((

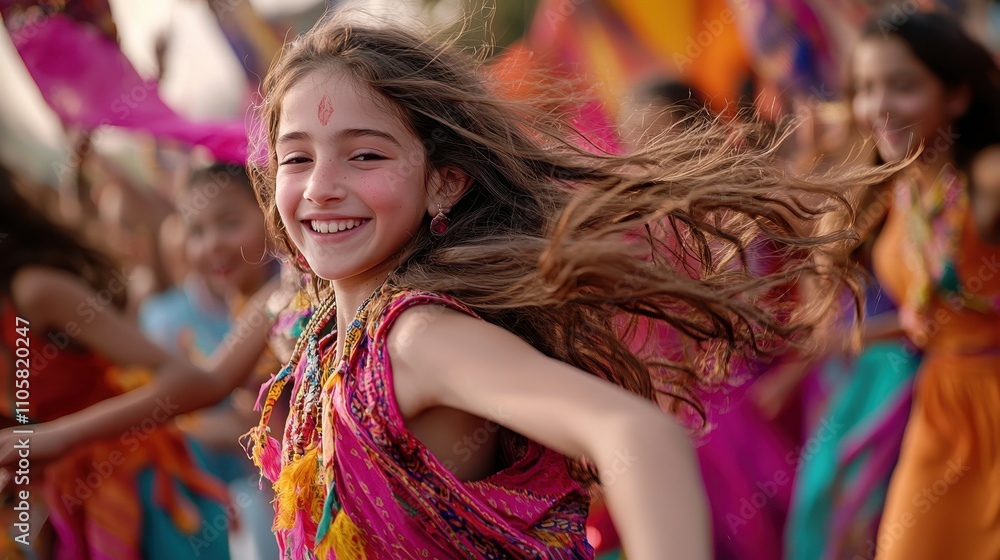 Fototapeta premium Close-up of girls dancing at a vibrant festival, with bright colors and energy captured in every movement, Realism, Photography, Colorful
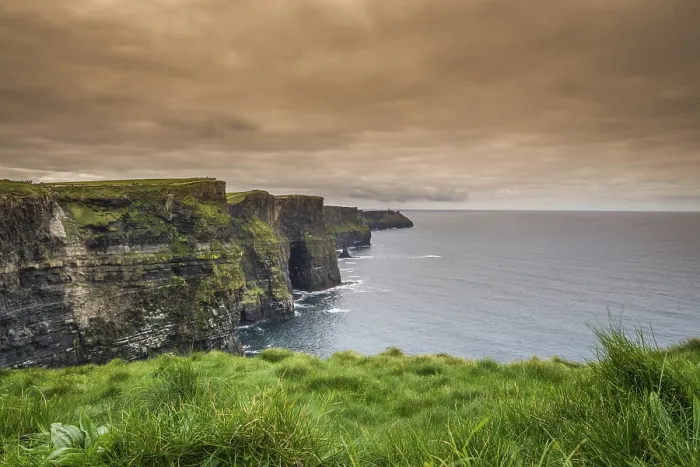 Framed Print : Cliffs of Moher Print: Overcast Irish Landscape Framed Print : Cliffs of Moher Print: Overcast Irish Landscape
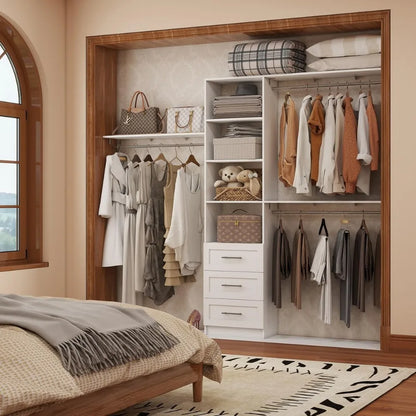 8' Corner Walk in Wood Closet Organizer System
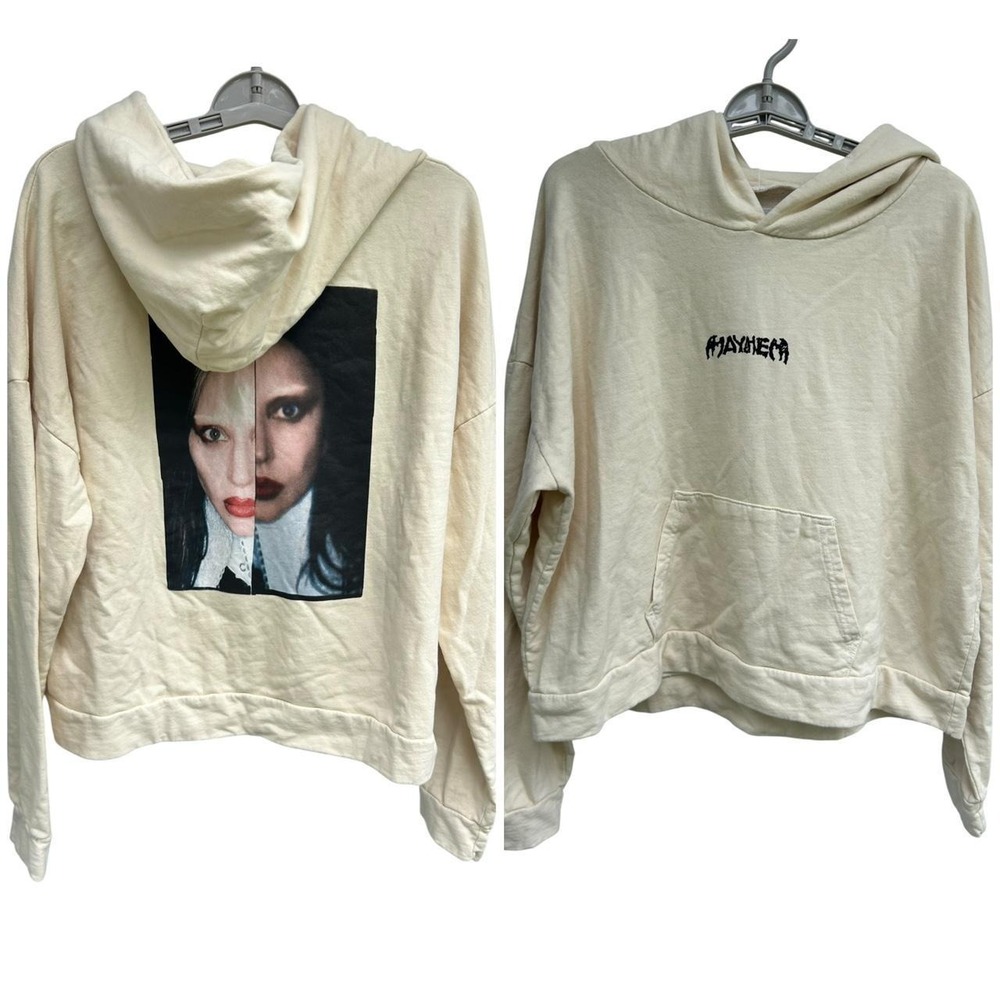 Lady Gaga Mayhem Dual Photo Cropped Hoodie 2XL Cream Official Tour Merch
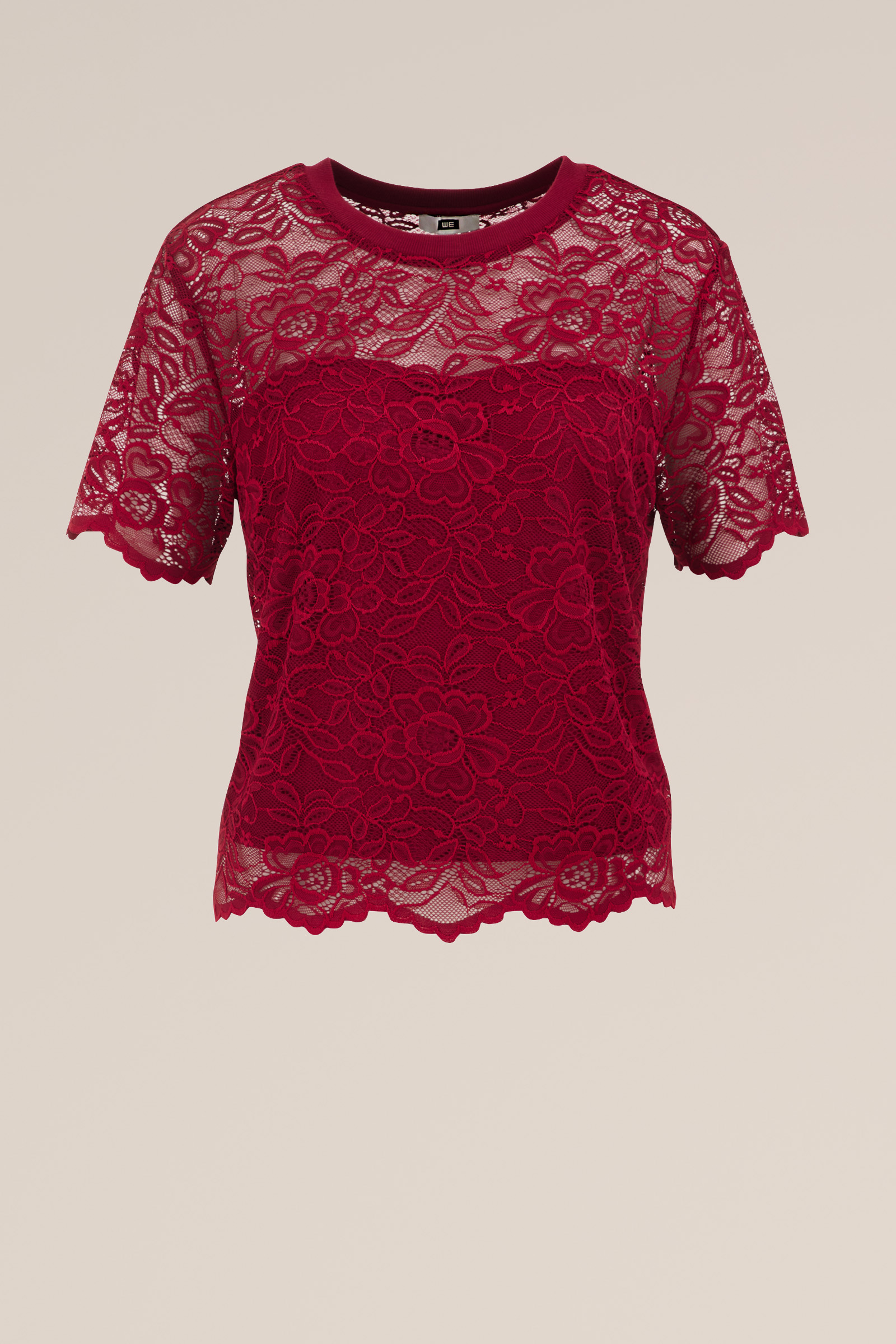 kanten T-shirt WE Fashion Bordeauxrood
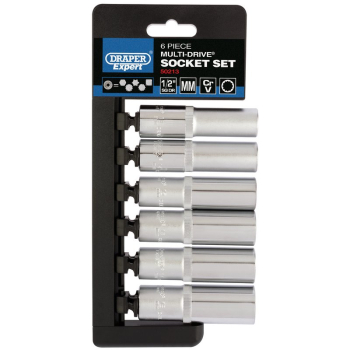 Draper H6MD/MDS/E Multi-Drive® Deep Socket Set, 1/2 inch  Sq. Dr. (6 Piece) - Discontinued - Code: 50213 - Pack Qty 1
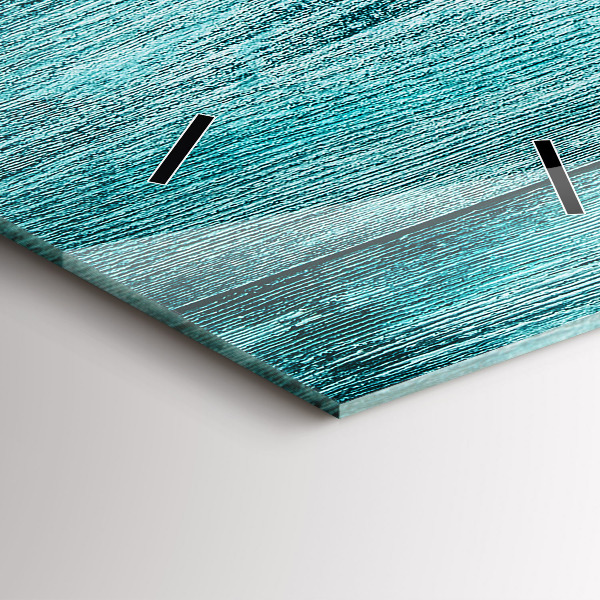 Ceas vertical de perete din sticlă Lemn vechi albastru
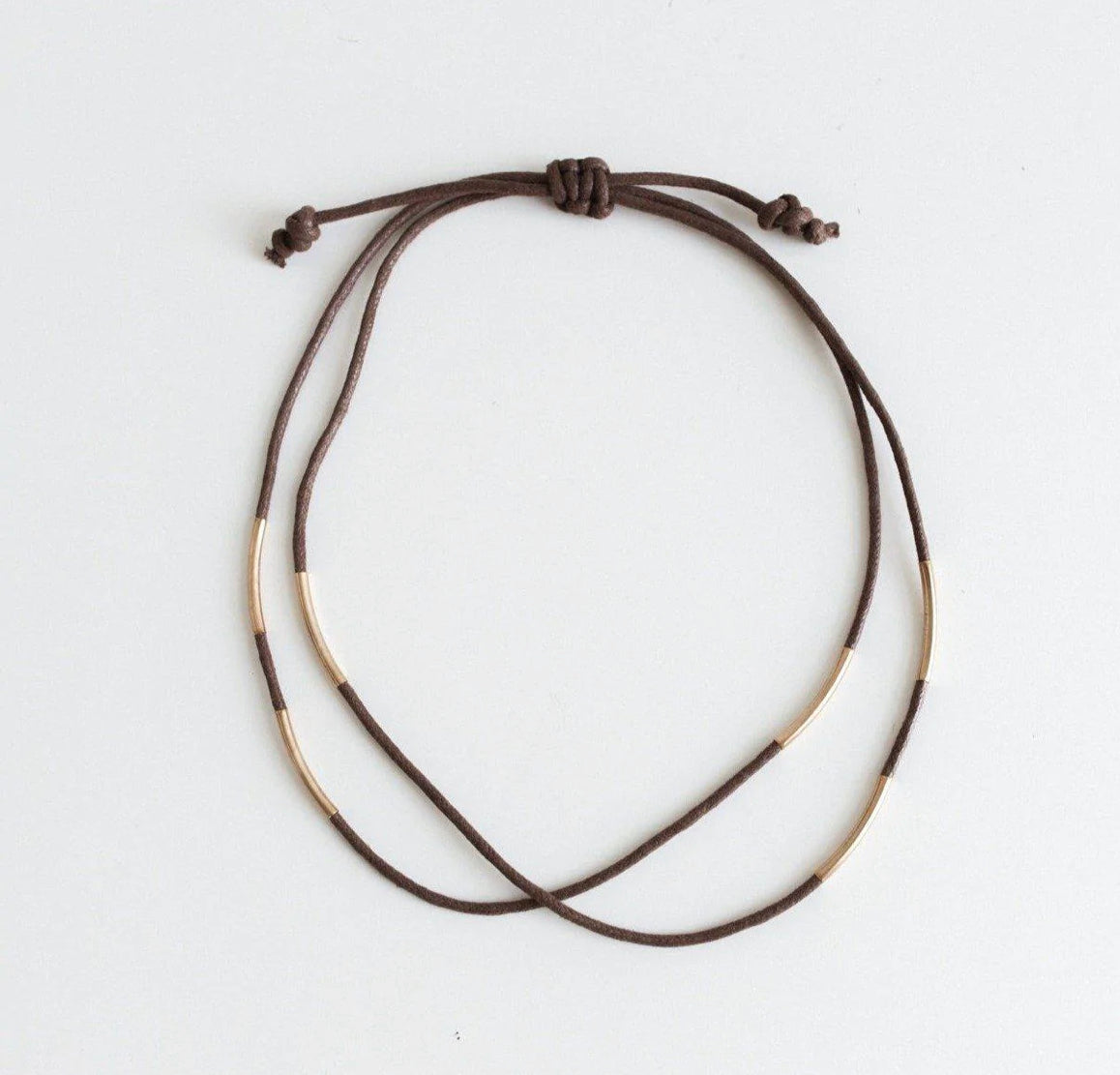 Rope Band with Beads - Dark Brown + Brass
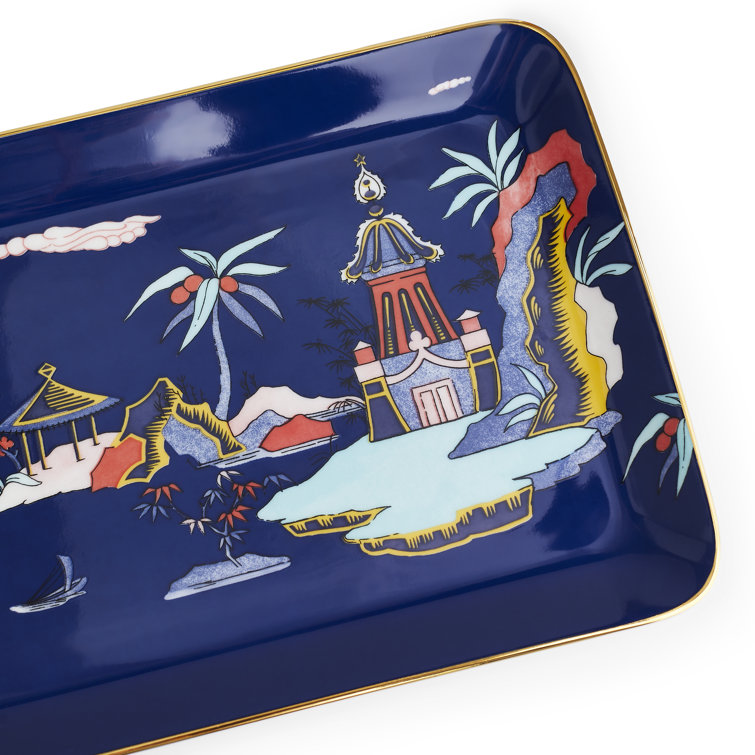 Wonderlust Blue Pagoda Fine Bone China Rectangular Tray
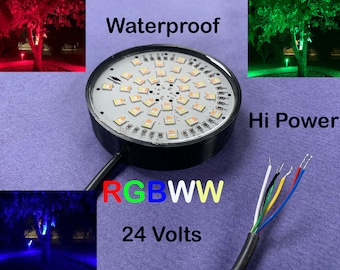 May include: A round, waterproof, high-power LED light with a 24-volt power supply. The light has a circular array of LEDs and is labeled "RGBWW".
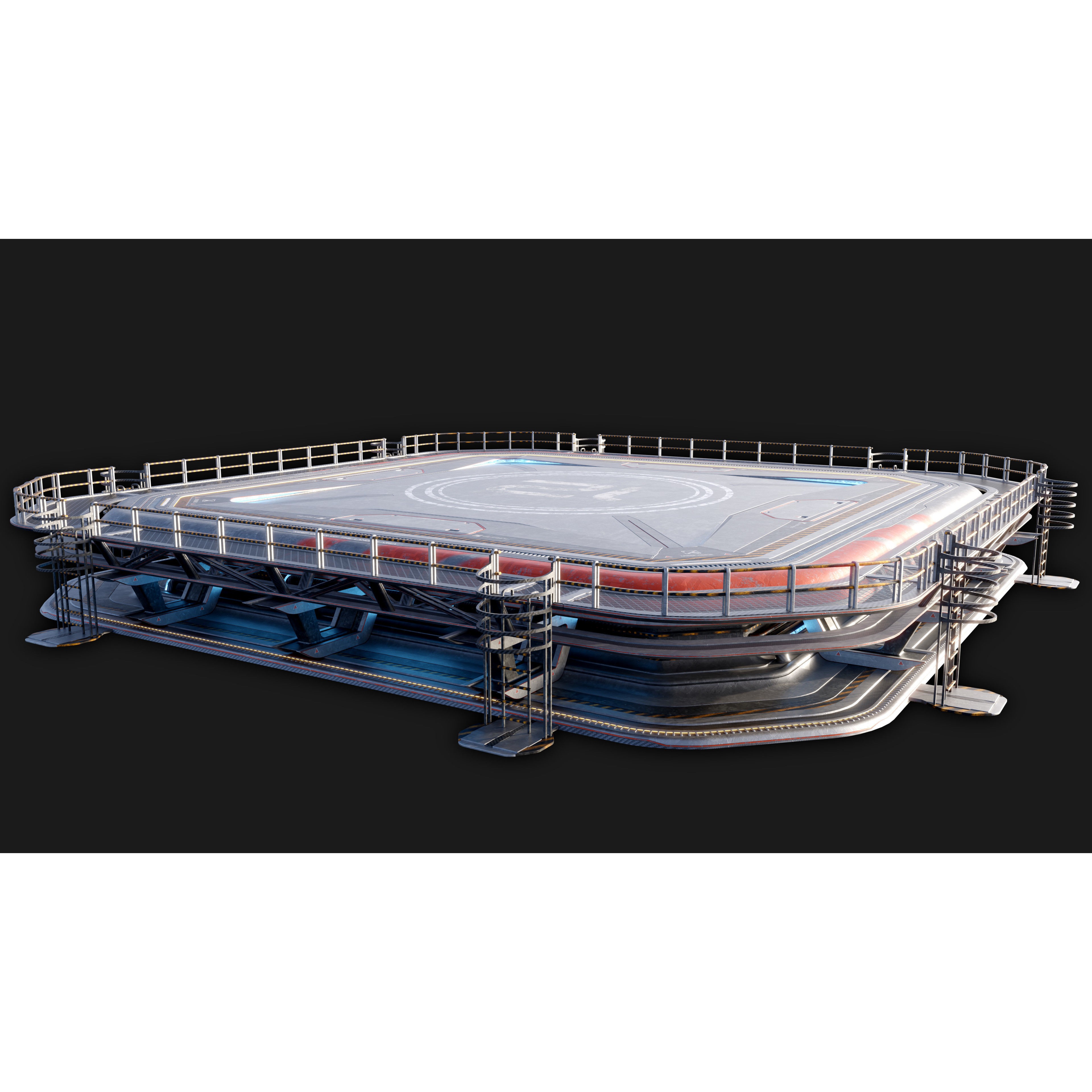 Sci-Fi Landing Pad - High-Poly 3D Model - View 5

))

-- Instructions for the task --
Your answer should consist solely of the lines from the one with "Rope Band with Beads - Dark Brown + Brass" through the last line of the entries, restated word for word, with the pictures omitted.

-- Answer space --
 Rope Band with Beads - Dark Brown + Brass
 Wonderlust Blue Pagoda Fine Bone China Rectangular Tray
 May include: A round, waterproof, high-power LED light with a 24-volt power supply. The light has a circular array of LEDs and is labeled "RGBWW".
 Sci-Fi Landing Pad - High-Poly 3D Model - View 5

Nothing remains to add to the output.